There were two irrelevant events worth mentioning, precisely because on the surface they seem so irrelevant. The first was that I ran into Yoram Peri at the restaurant who stood up, called out my name and then assured my wife and I that we were at the right place since all the members of my family arrived even later than the time we had agreed to meet and the late time that we had arrived. Needless to say, Yoram is not a member of my family. He is, however, on the executive of AIS. Prof Yoram Peri is the Abraham S. and Jack Kay Chair in Israel Studies, and Director of the new Joseph and Alma Gildenhorn Institute for Israel Studies, the University of Maryland at College Park. He has been a political advisor to the late Prime Minister Yitzhak Rabin, was the founder and former head of Chaim Herzog Institute for Media, Politics and Society and professor of Political Sociology and Communication in the Department of Communication at Tel Aviv University. He was also once the editor-in-chief of the Israeli daily, Davar and is now editor of the journal on Israel Studies. He is an expert on the Israeli military as well as on how the media portrays Israel and the effects on policy.

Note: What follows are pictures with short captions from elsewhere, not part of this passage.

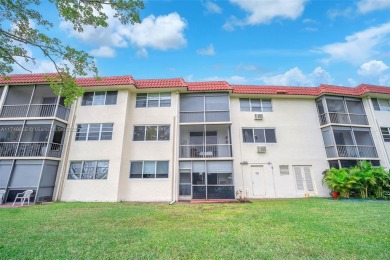 Spacious, bright & well-maintained 2bd/1.5bth condo is now on Hollybrook Golf and Tennis Club  in Florida - for sale on GolfHomes.com, golf home, golf lot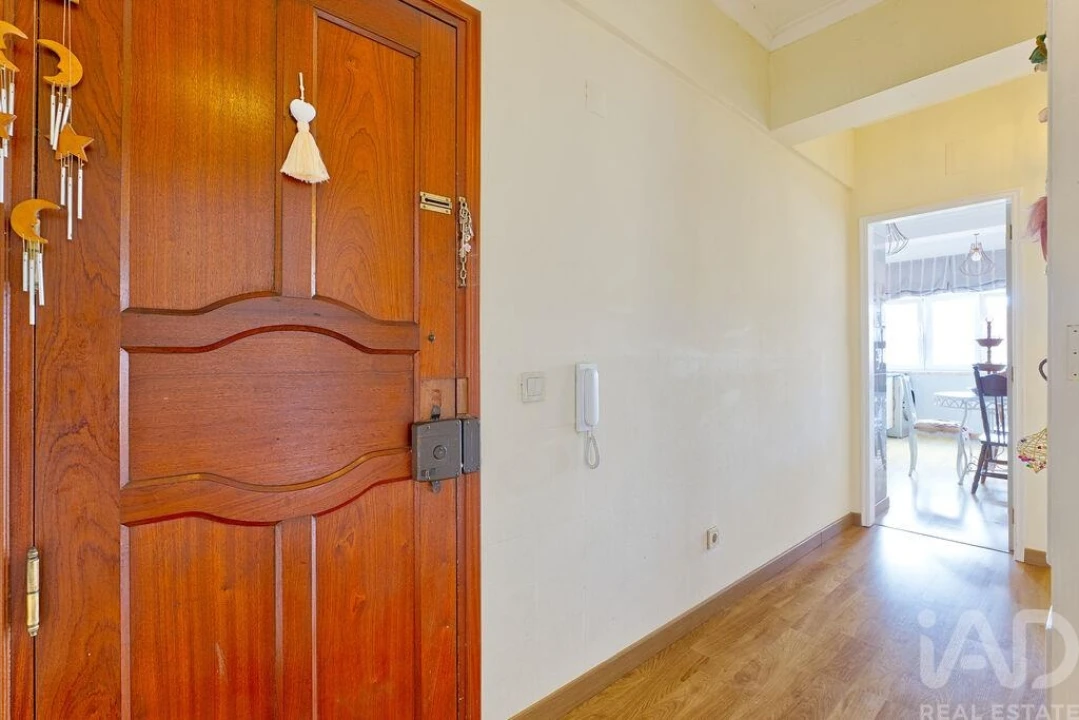 Apartamento T2 para Venda em Mafra Foto 8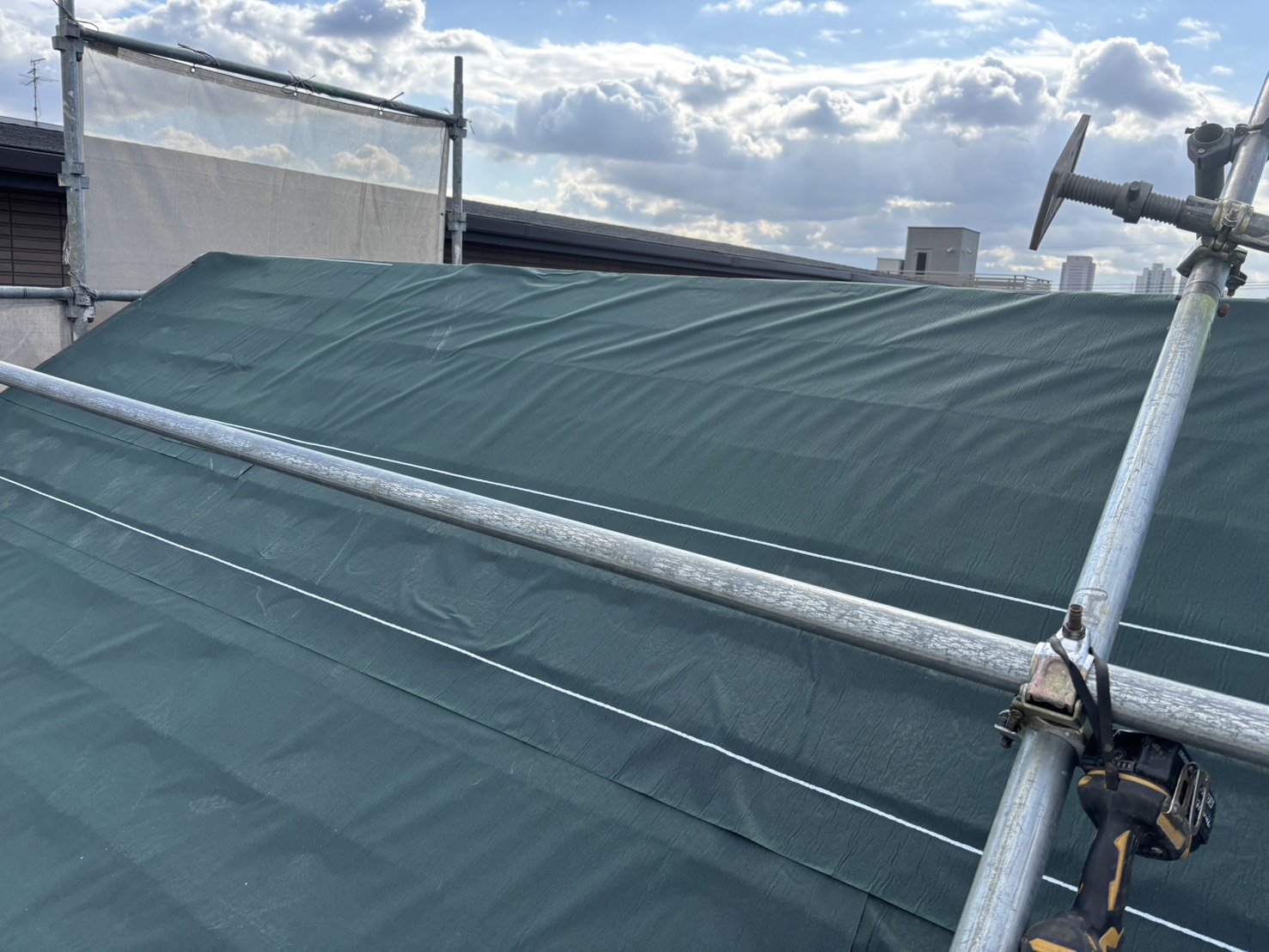 既存屋根の上に防水シートを施工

Why am I mentioning him? For two reasons. First, because he apologized for asking to have his name deleted from my blog list. “They are too long,” he said. “If I took the time to read your blog, I would never get any of my emails read.” As psychological compensation, he did say that the ones he did read were interesting. I assured him that if I was in his position I would probably delete my email from my list as well. So, readers, no need to express any guilt for not reading my blogs or even having your name deleted from the blog list. You can always read them online at WordPress under my name. Second, Yoram is an expert in media studies and has been one of the foremost scholars that have made the academic study of the way events are portrayed in the media and popular culture as they relate to the development of perceptions, policies and practices an integral part of scholarship. This is as important to social studies – such as the portrayal of intermarriage in popular culture – as it is to political and military affairs. Hence, the importance of Professor David Weinfeld’s talk on intermarriage as portrayed in popular culture.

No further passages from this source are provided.